→ Task to complete
Copy all the entries word for word, but omit the pictures.

::: The data

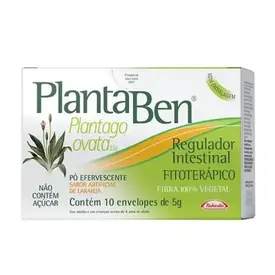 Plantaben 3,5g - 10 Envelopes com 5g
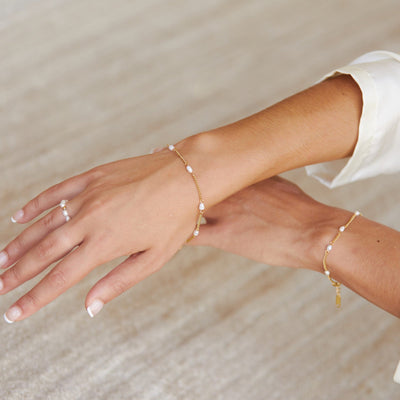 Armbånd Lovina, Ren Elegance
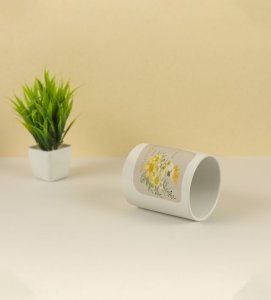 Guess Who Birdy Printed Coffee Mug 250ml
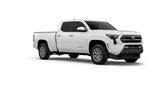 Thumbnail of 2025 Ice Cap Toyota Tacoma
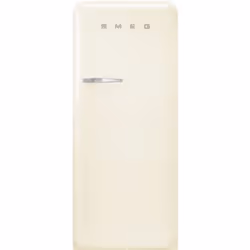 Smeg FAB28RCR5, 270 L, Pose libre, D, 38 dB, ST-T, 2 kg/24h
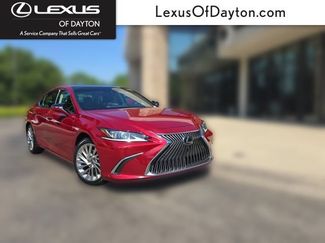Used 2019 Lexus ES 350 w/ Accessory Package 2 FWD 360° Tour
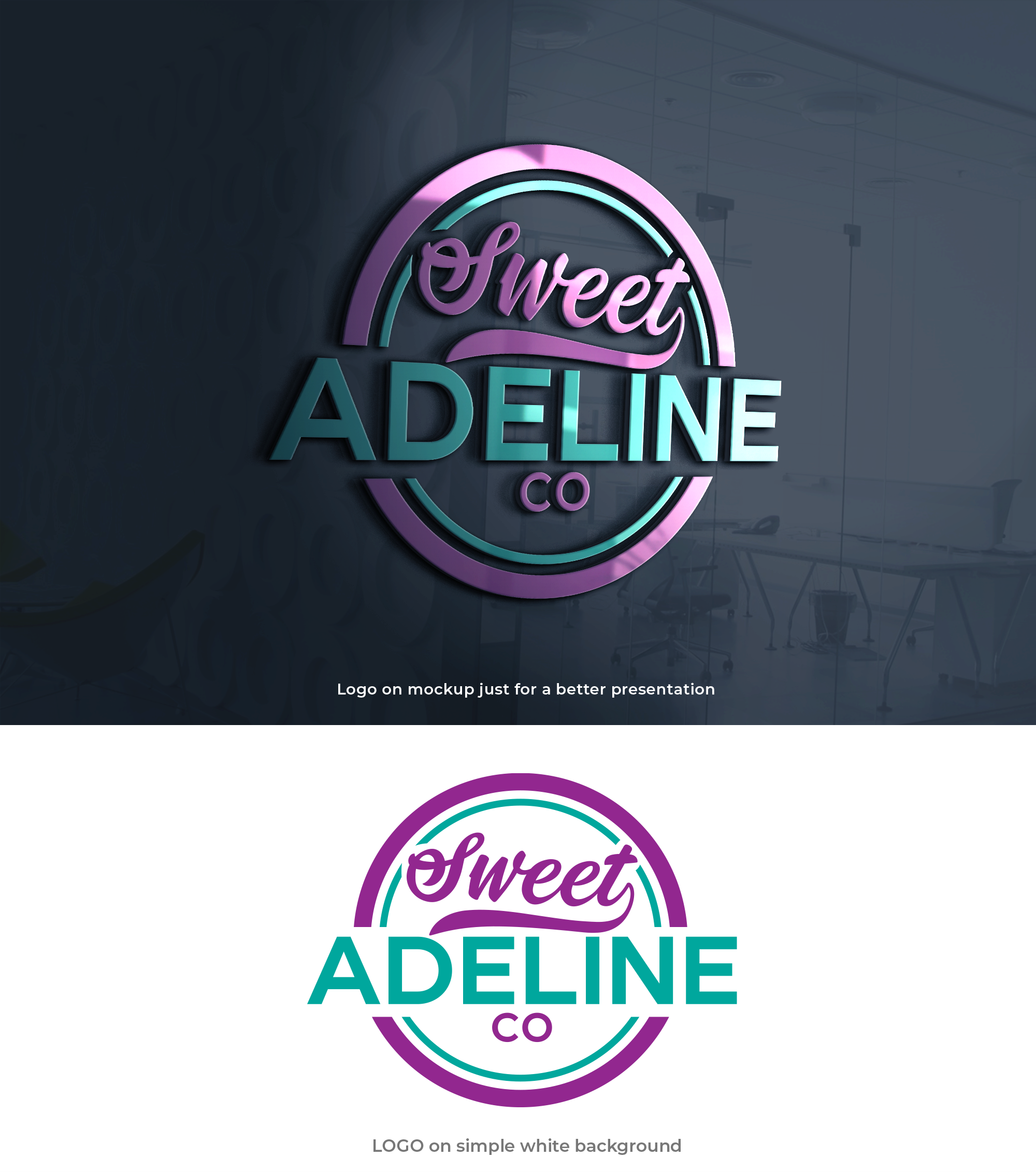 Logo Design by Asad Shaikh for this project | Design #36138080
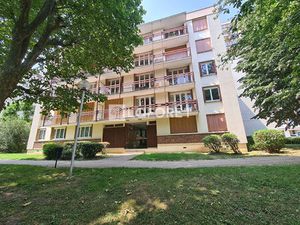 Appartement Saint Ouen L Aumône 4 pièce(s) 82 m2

::::::

→ Output for this exercise
 Plantaben 3,5g - 10 Envelopes com 5g
 Armbånd Lovina, Ren Elegance
 Guess Who Birdy Printed Coffee Mug 250ml
 Thumbnail of 2025 Ice Cap Toyota Tacoma
 Smeg FAB28RCR5, 270 L, Pose libre, D, 38 dB, ST-T, 2 kg/24h
Used 2019 Lexus ES 350 w/ Accessory Package 2 FWD 360° Tour
 Logo Design by Asad Shaikh for this project | Design #36138080
 Appartement Saint Ouen L Aumône 4 pièce(s) 82 m2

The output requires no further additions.